WORK INSTRUCTION: Without including any pictures, copy each entry below exactly.

[DATA EXTRACTS — start]

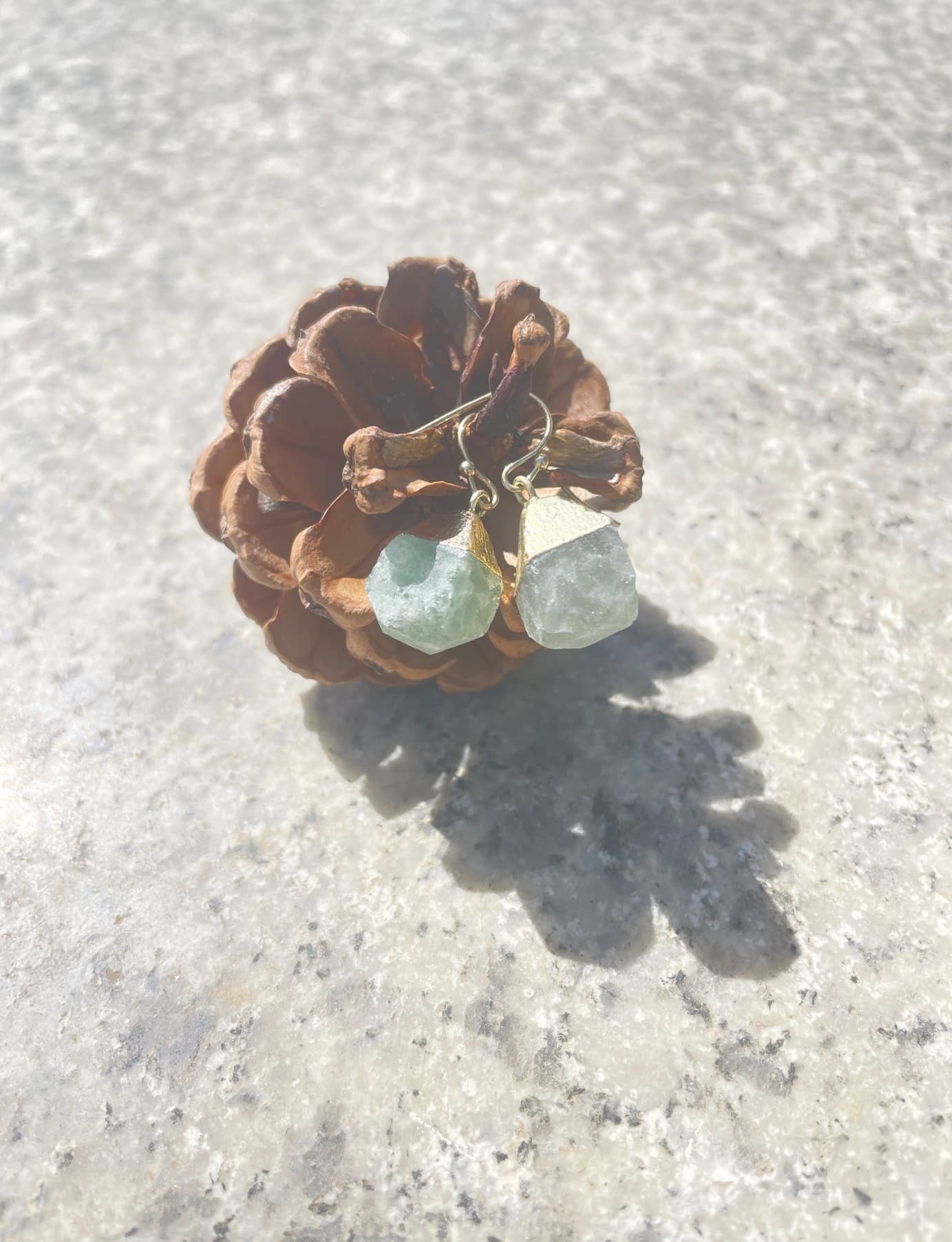 Green Strawberry Quartz gemstone earrings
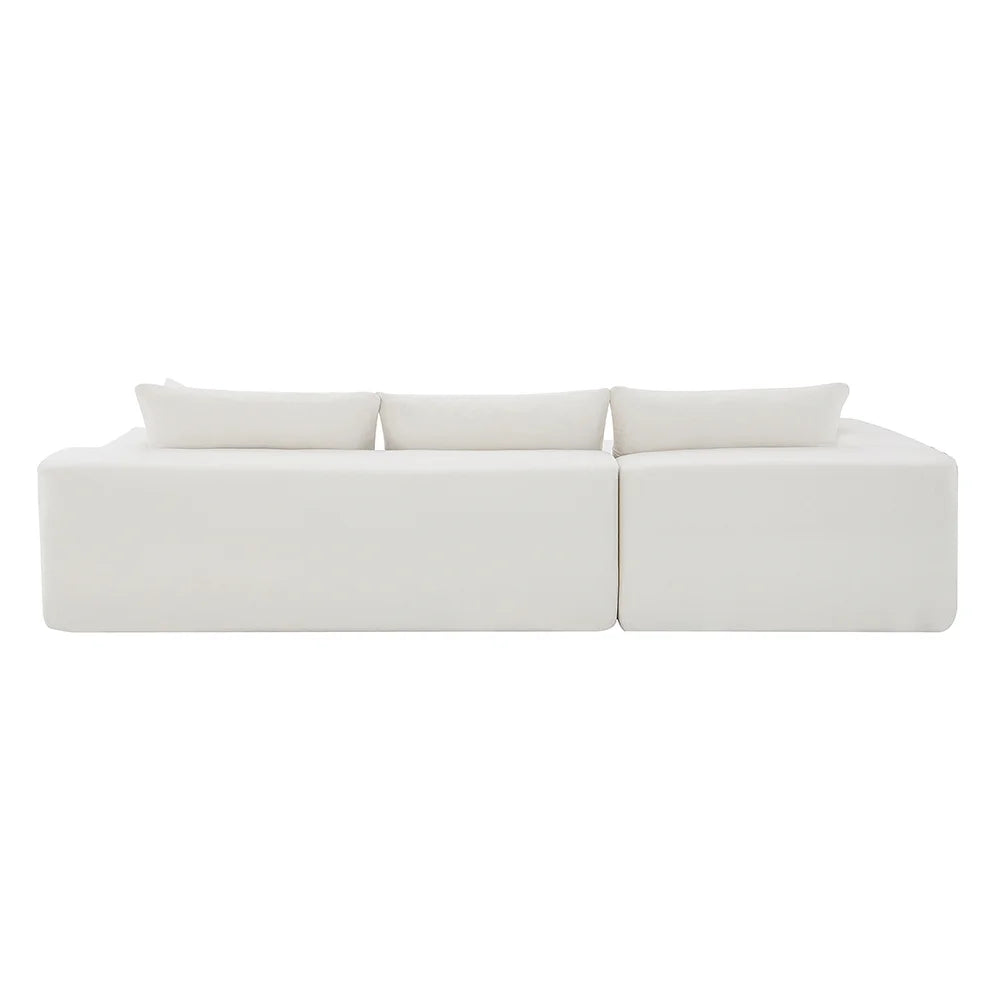 Convertible Modular Sectional Sofa L Shaped Reversible Couch Chenille Sleeper Combination Sofa for Living Room,Cream(No Metal Frame,Foam + Pocket Spring Fill)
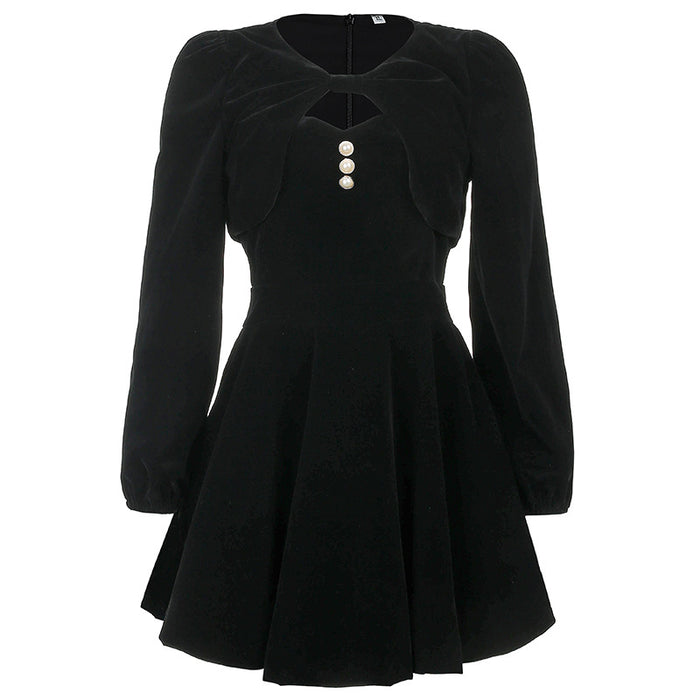 Dress velvet palace style high waist suspender skirt two-piece all-match cover crotch - LeobonZone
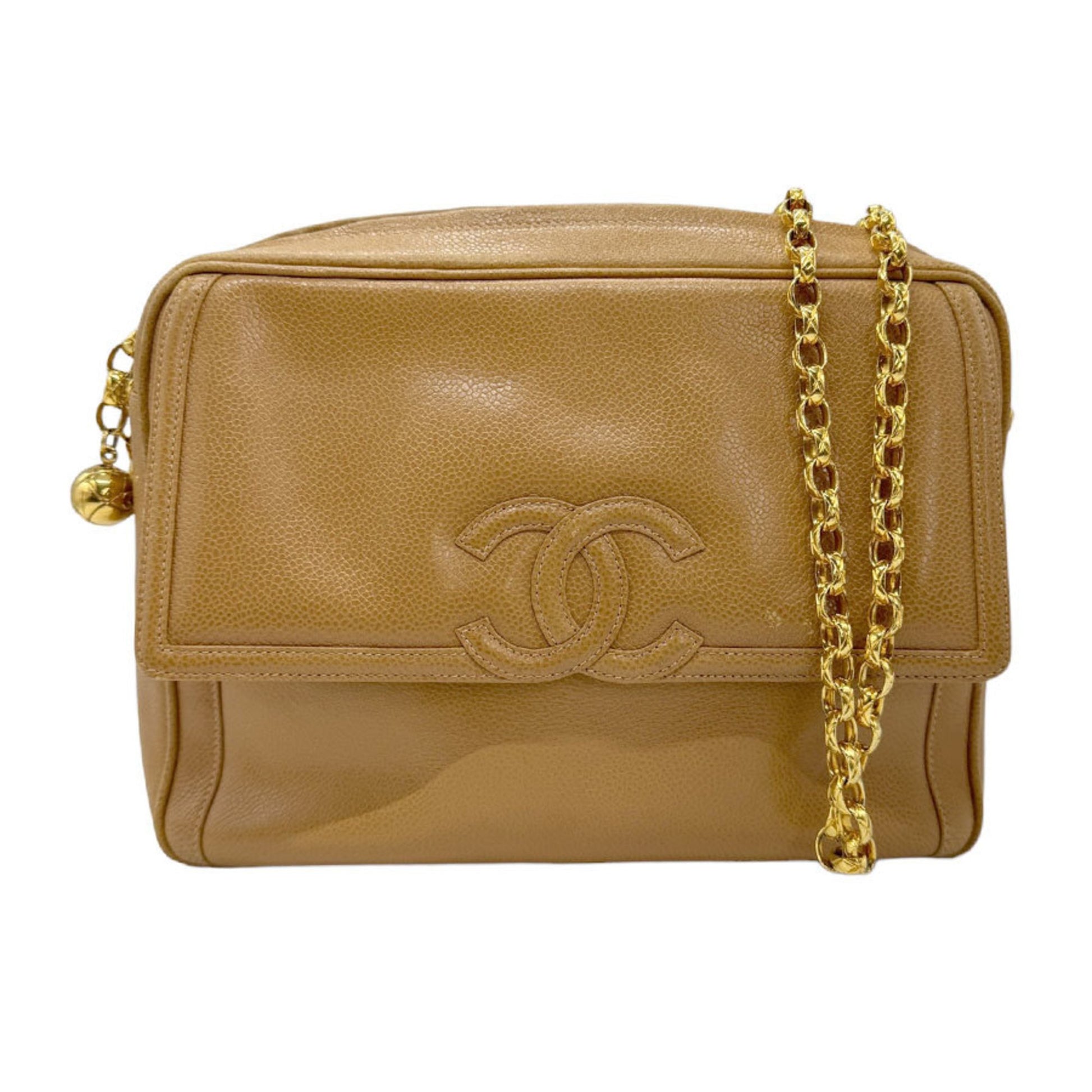 Chanel Logo CC Camel Leather Shopper Bag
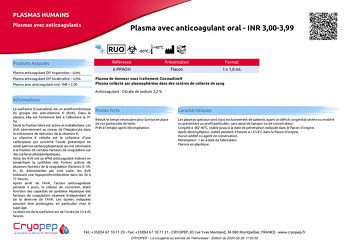 Fiche produit Plasma avec anticoagulant oral - INR 3,00-3,99
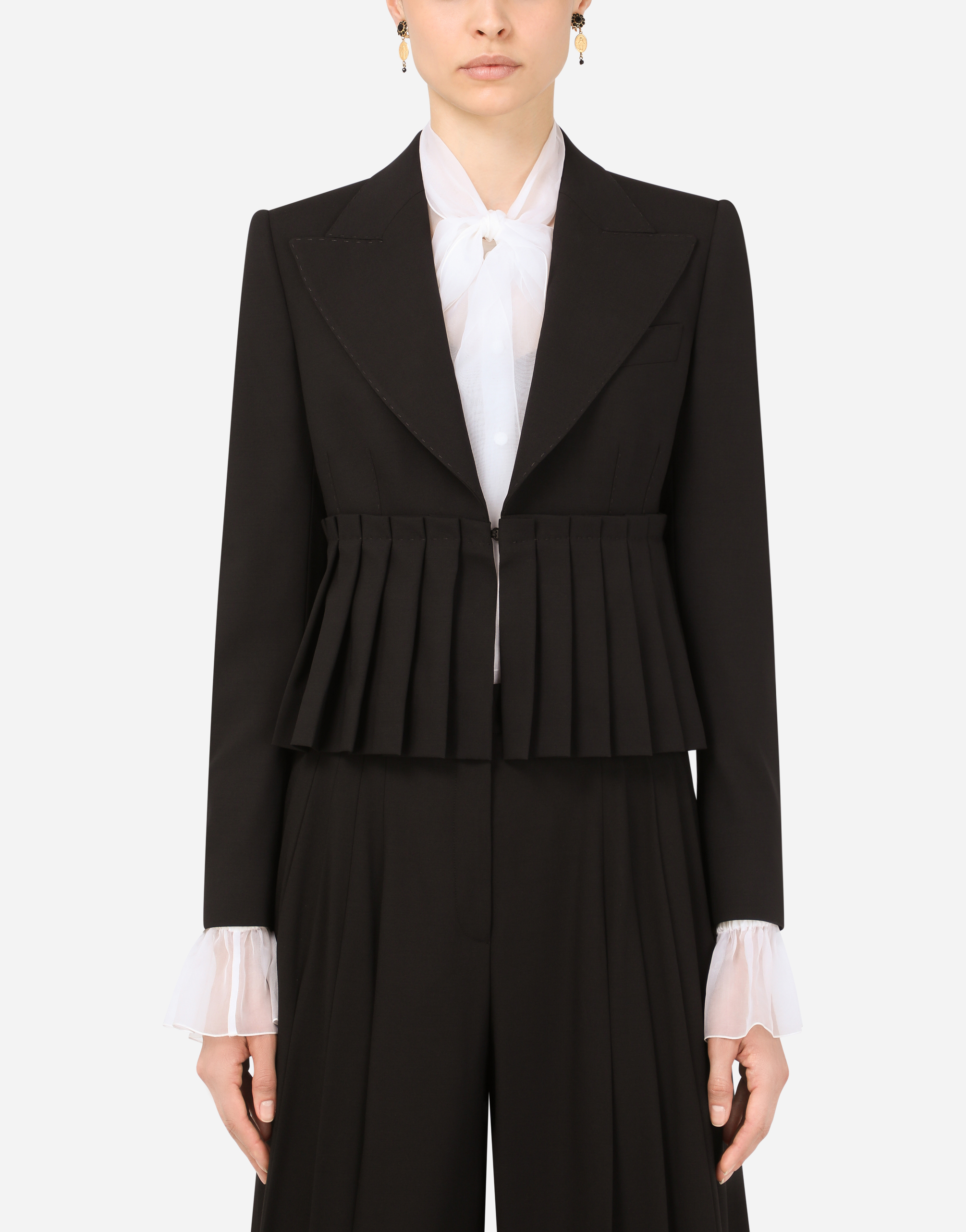 Dolce & Gabbana Short Woolen Jacket With Pleating In Black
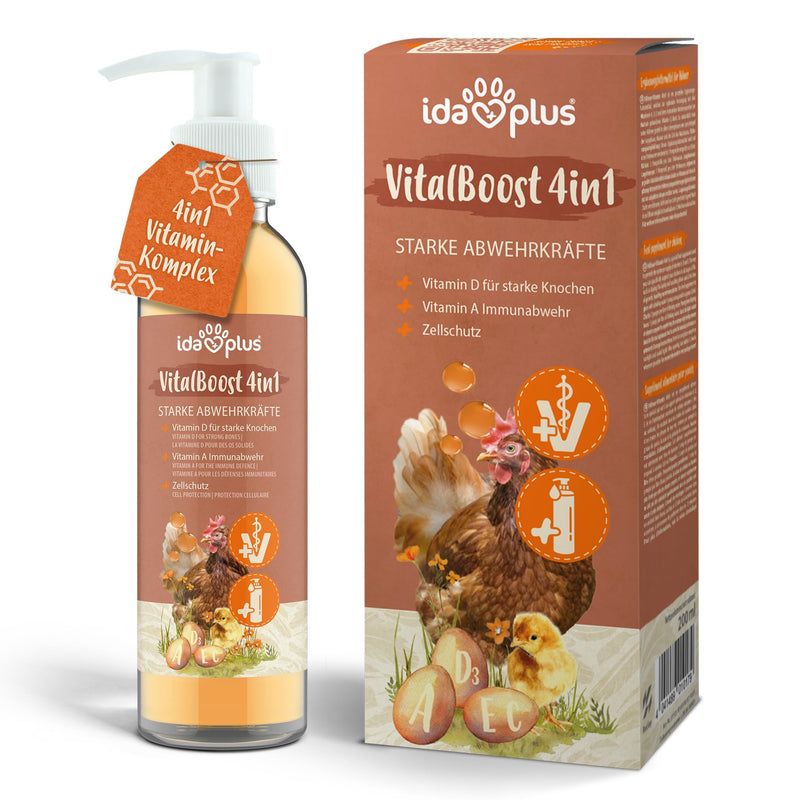 Ida Plus – VitalBoost 4in1 200 ml – vitamin concentrate with vitamin ADEC for strong defenses & stable growth – feed supplement for the vitamin supply of chickens, ducks and poultry - BeesActive Australia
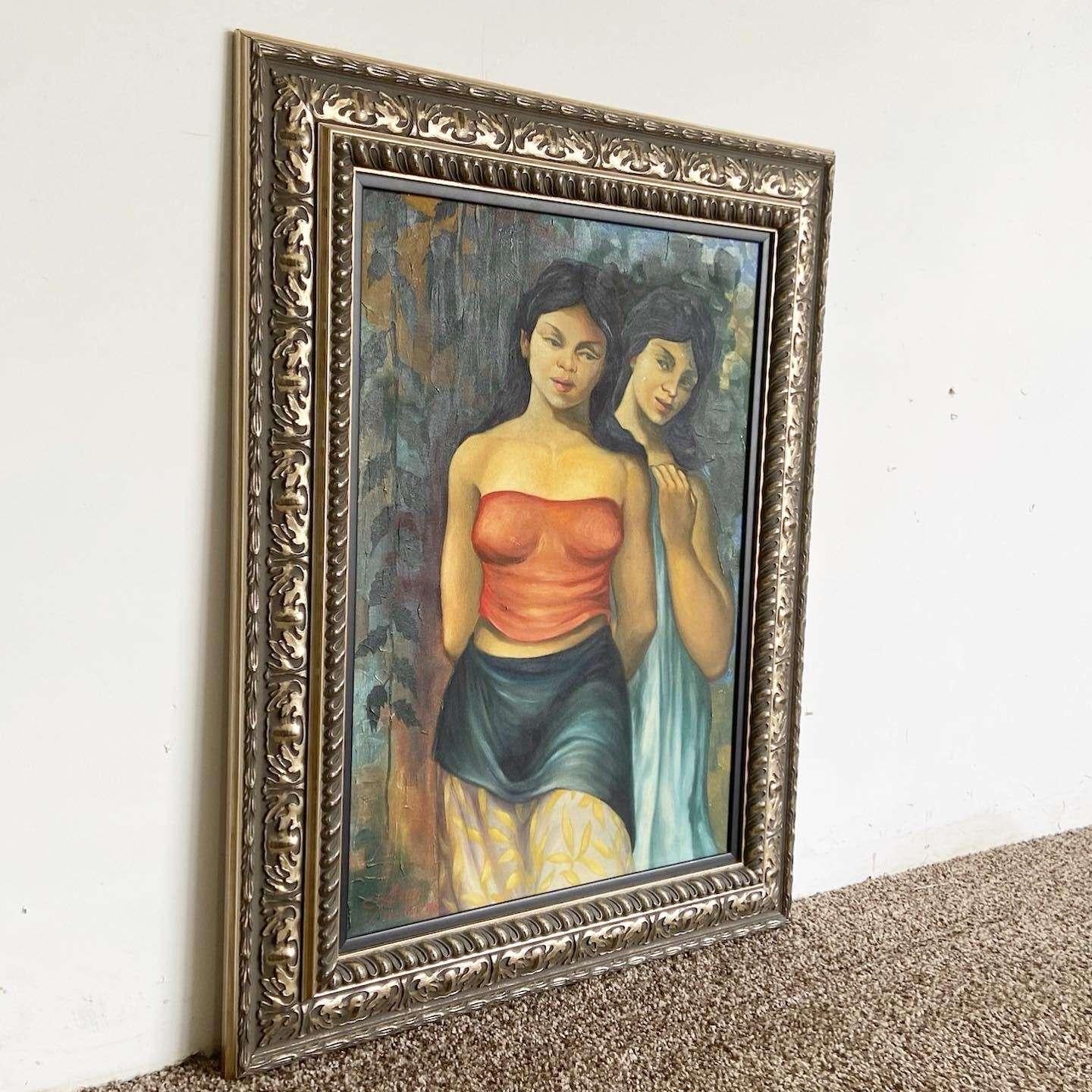 Excellent vintage hand painted, signed and framed painting. Subject is of two young women.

[DATA EXTRACTS — finish]

SOLUTION FOR THIS EXERCISE:
 Green Strawberry Quartz gemstone earrings
 Convertible Modular Sectional Sofa L Shaped Reversible Couch Chenille Sleeper Combination Sofa for Living Room,Cream(No Metal Frame,Foam + Pocket Spring Fill)
 Dress velvet palace style high waist suspender skirt two-piece all-match cover crotch - LeobonZone
 Chanel Logo CC Camel Leather Shopper Bag
 Fiche produit Plasma avec anticoagulant oral - INR 3,00-3,99
 Dolce & Gabbana Short Woolen Jacket With Pleating In Black
 Ida Plus – VitalBoost 4in1 200 ml – vitamin concentrate with vitamin ADEC for strong defenses & stable growth – feed supplement for the vitamin supply of chickens, ducks and poultry - BeesActive Australia
 Excellent vintage hand painted, signed and framed painting. Subject is of two young women.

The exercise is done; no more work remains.